### [GIVEN RECORDS]

- Opening Delimiter -

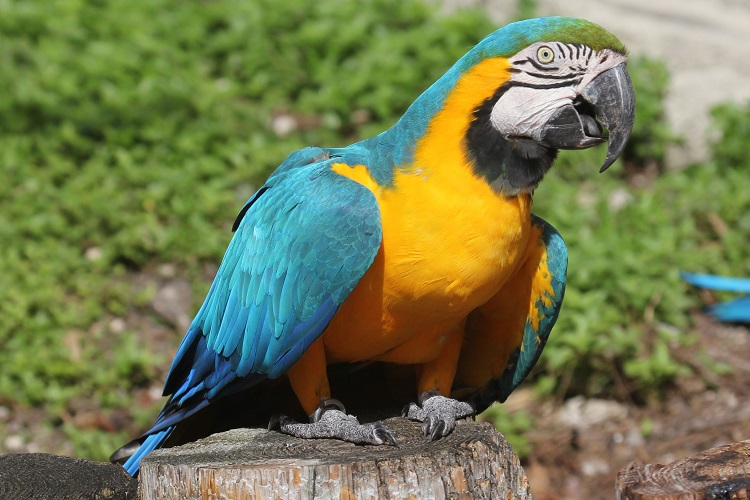 macaw parrot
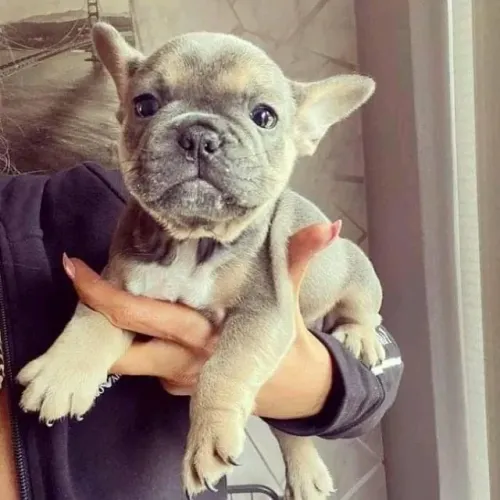 Bulldog Francês: pequeno no tamanho, grande no coração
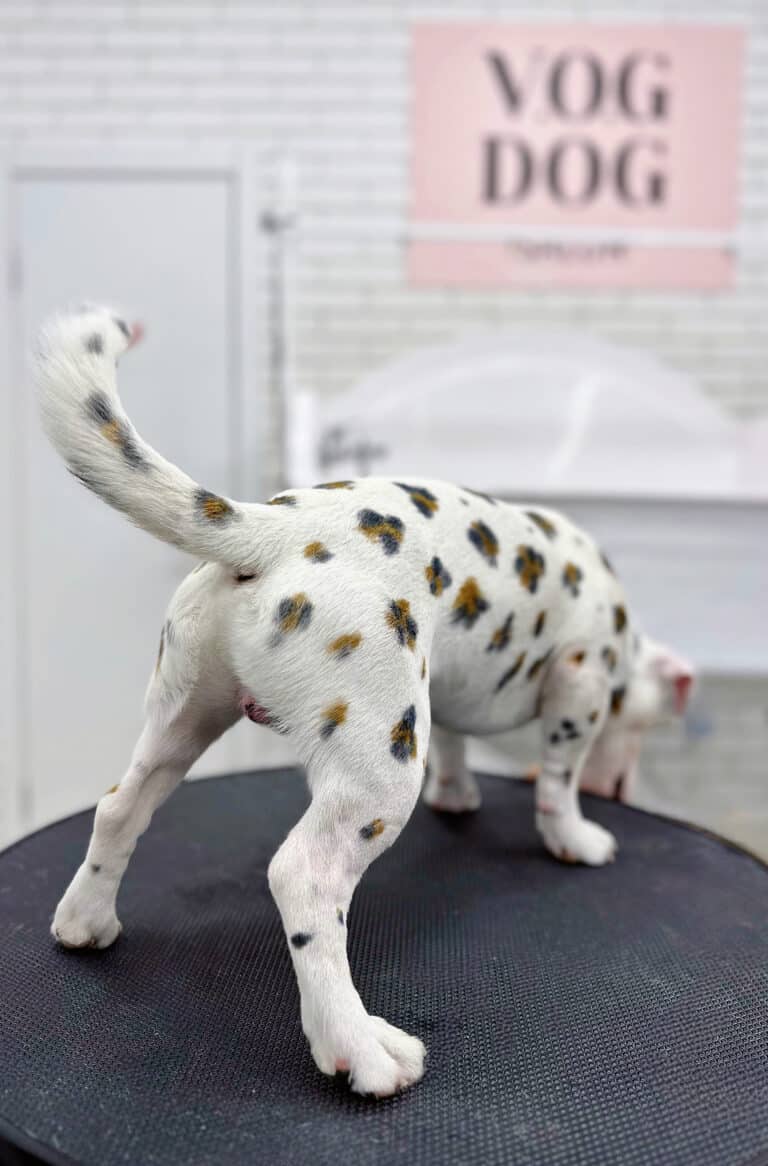 Пес з пофарбованою шерстю виглядає щось на підлозі грумерської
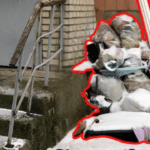 Сміття біля під'їзду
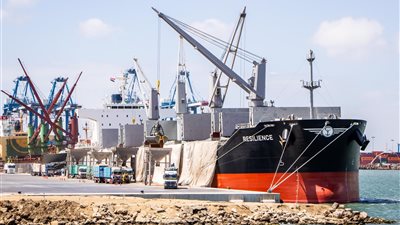 130 ألف طن رصيد صومعة القمح للقطاع الخاص بميناء دمياط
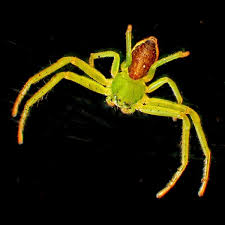 What do you think it is. Colorful Spiders Slideshow Oupblog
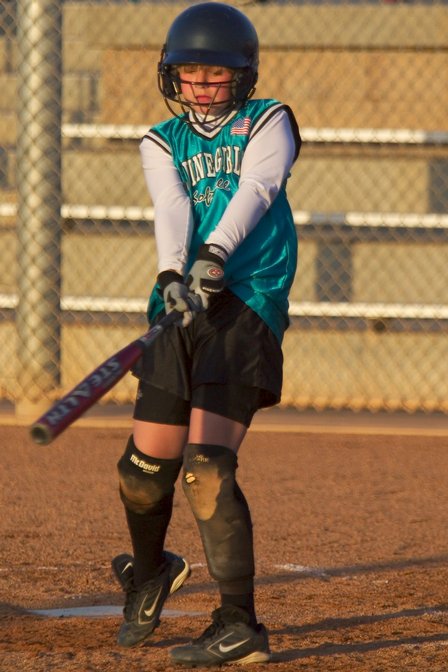 Zippy Practice Swing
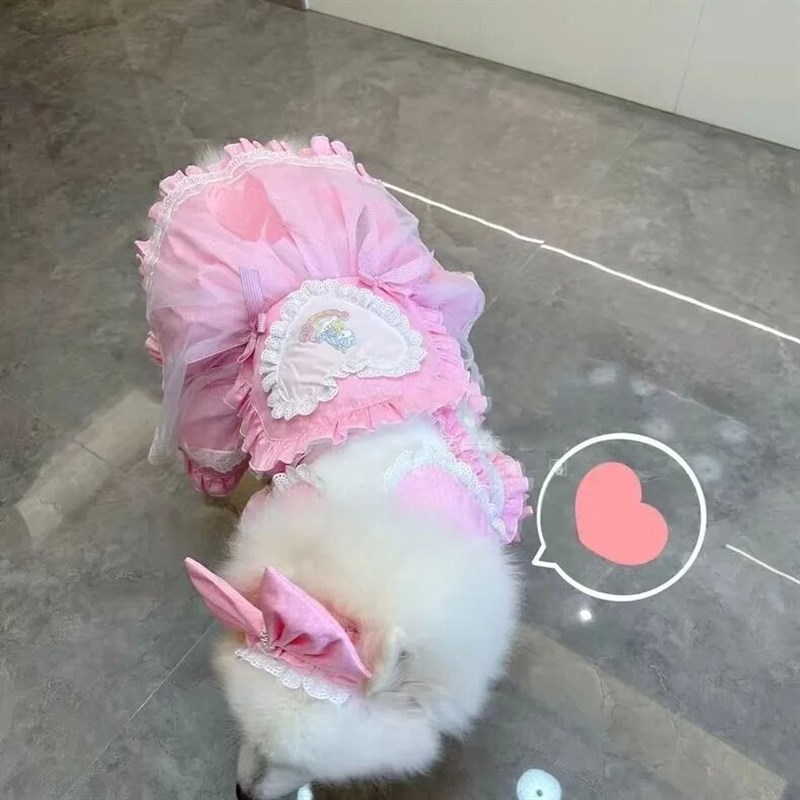 大狗蕾丝公主裙金毛拉多婚纱裙巨贵衣服大狗夏装阿拉裙子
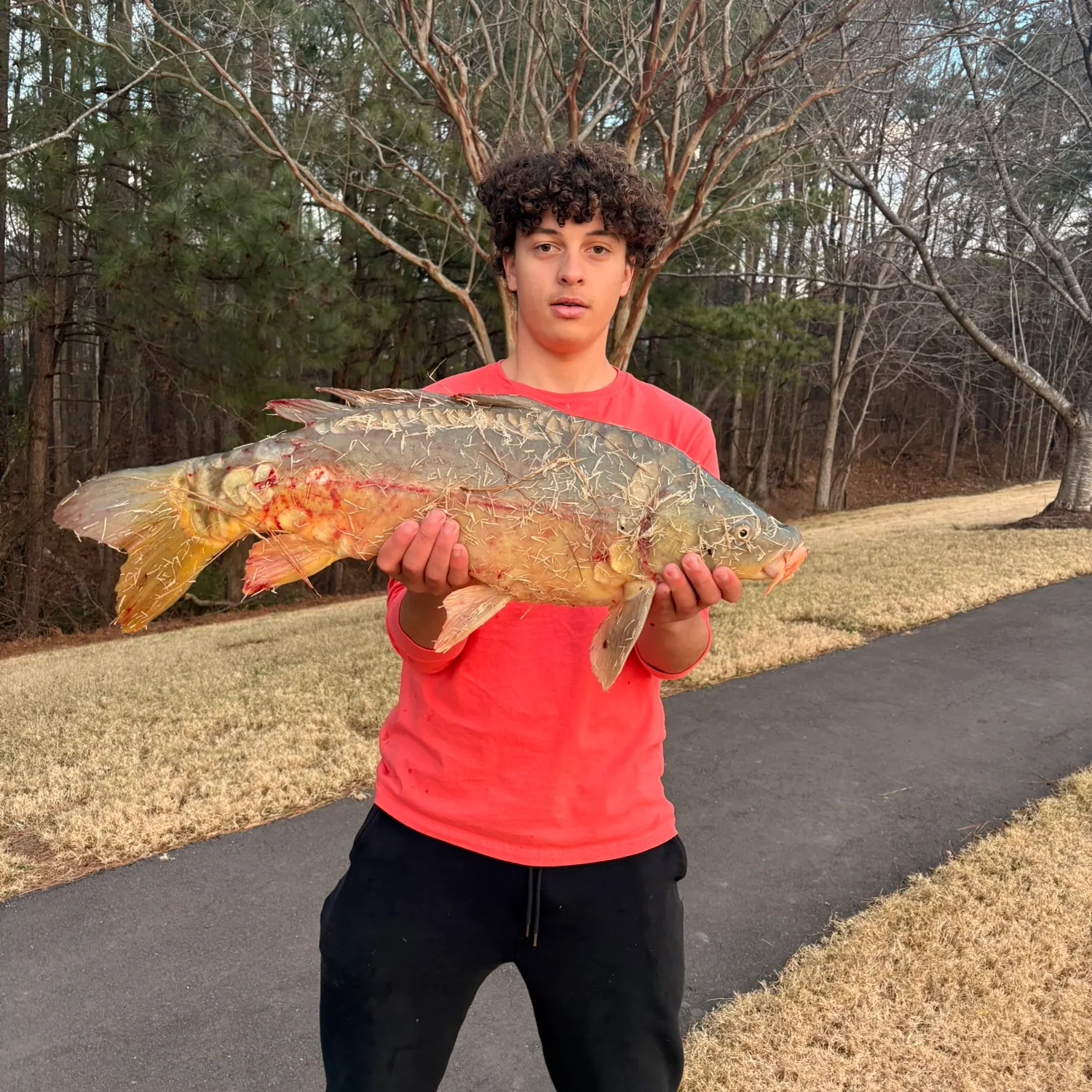 The most recent Mirror carp catches on Fishbrain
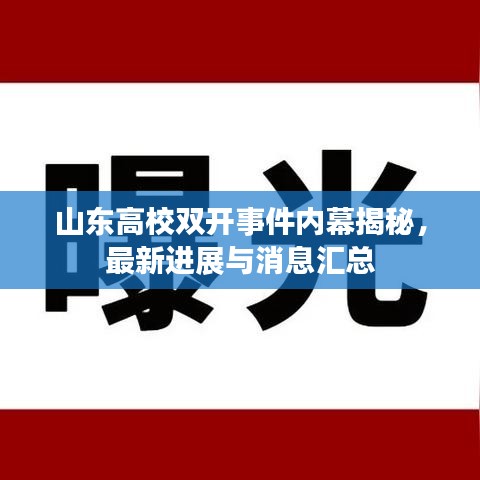 山东高校双开事件内幕揭秘，最新进展与消息汇总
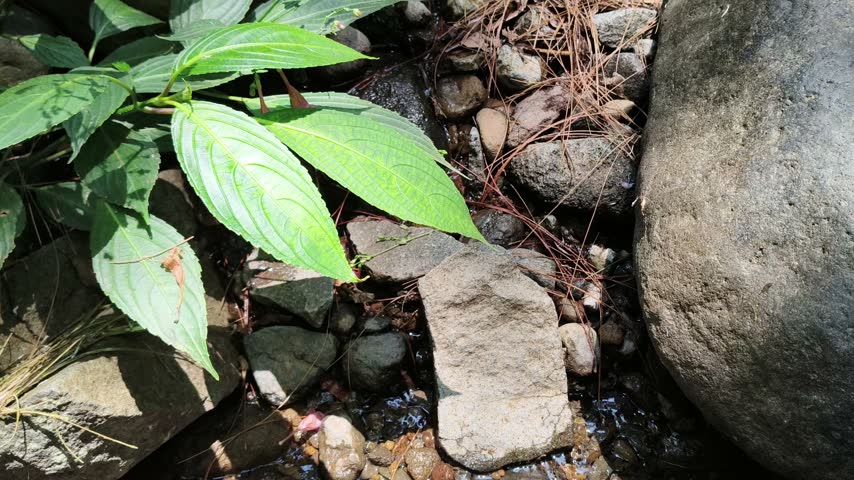 Natural stream bank with rocks and green foliage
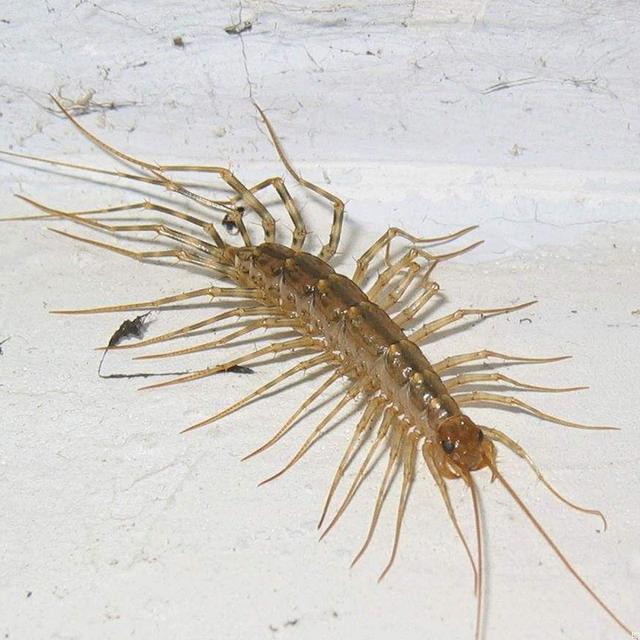 这个虫子叫什么?钱串子,毛秃沙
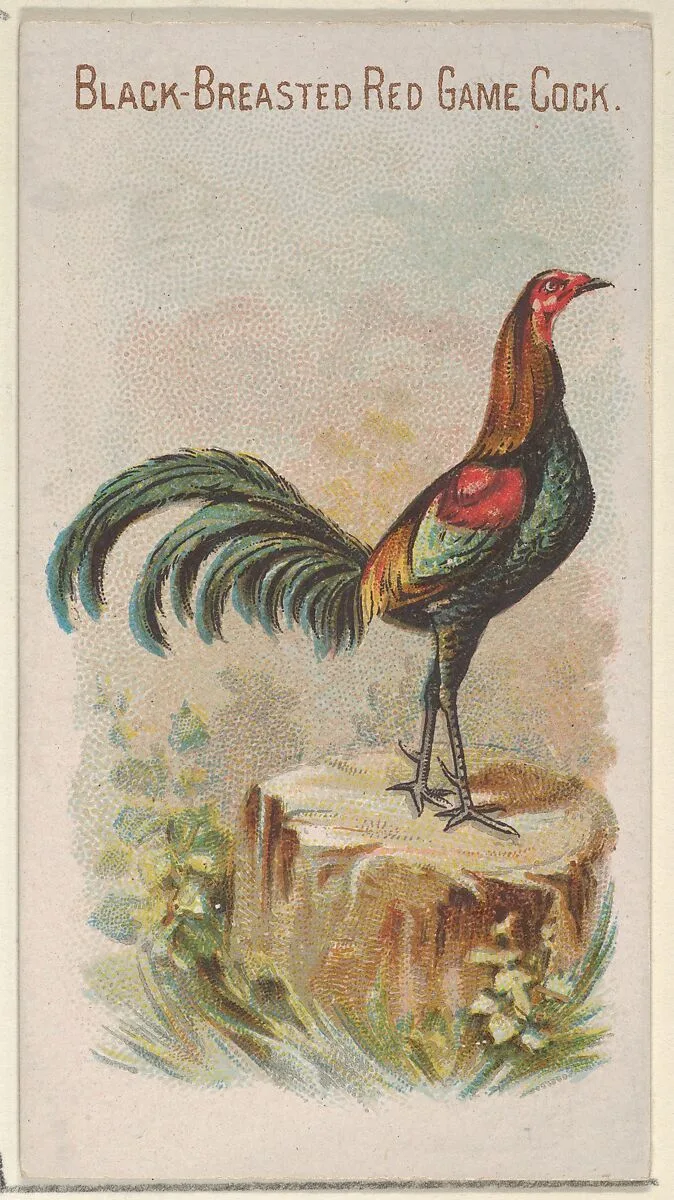 Black-Breasted Red Game Cock, from the Prize and Game Chickens series (N20) for Allen & Ginter Cigarettes — Allen & Ginter|The Gast Lithograph & Engraving Company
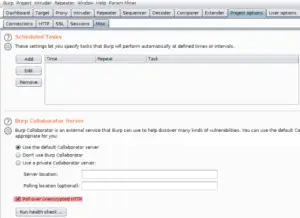 How To Set Up Burp Collaborator Up To Poll Over Http 1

- Closing Delimiter -

### [DESCRIPTION OF THE TASK]
Without any pictures, retype the records above exactly.

### [EXERCISE RESULT]
 macaw parrot
 Bulldog Francês: pequeno no tamanho, grande no coração
 Пес з пофарбованою шерстю виглядає щось на підлозі грумерської
 Сміття біля під'їзду
 130 ألف طن رصيد صومعة القمح للقطاع الخاص بميناء دمياط
 What do you think it is. Colorful Spiders Slideshow Oupblog
 Zippy Practice Swing
 大狗蕾丝公主裙金毛拉多婚纱裙巨贵衣服大狗夏装阿拉裙子
 The most recent Mirror carp catches on Fishbrain
 山东高校双开事件内幕揭秘，最新进展与消息汇总
 Natural stream bank with rocks and green foliage
 这个虫子叫什么?钱串子,毛秃沙
 Black-Breasted Red Game Cock, from the Prize and Game Chickens series (N20) for Allen & Ginter Cigarettes — Allen & Ginter|The Gast Lithograph & Engraving Company
 How To Set Up Burp Collaborator Up To Poll Over Http 1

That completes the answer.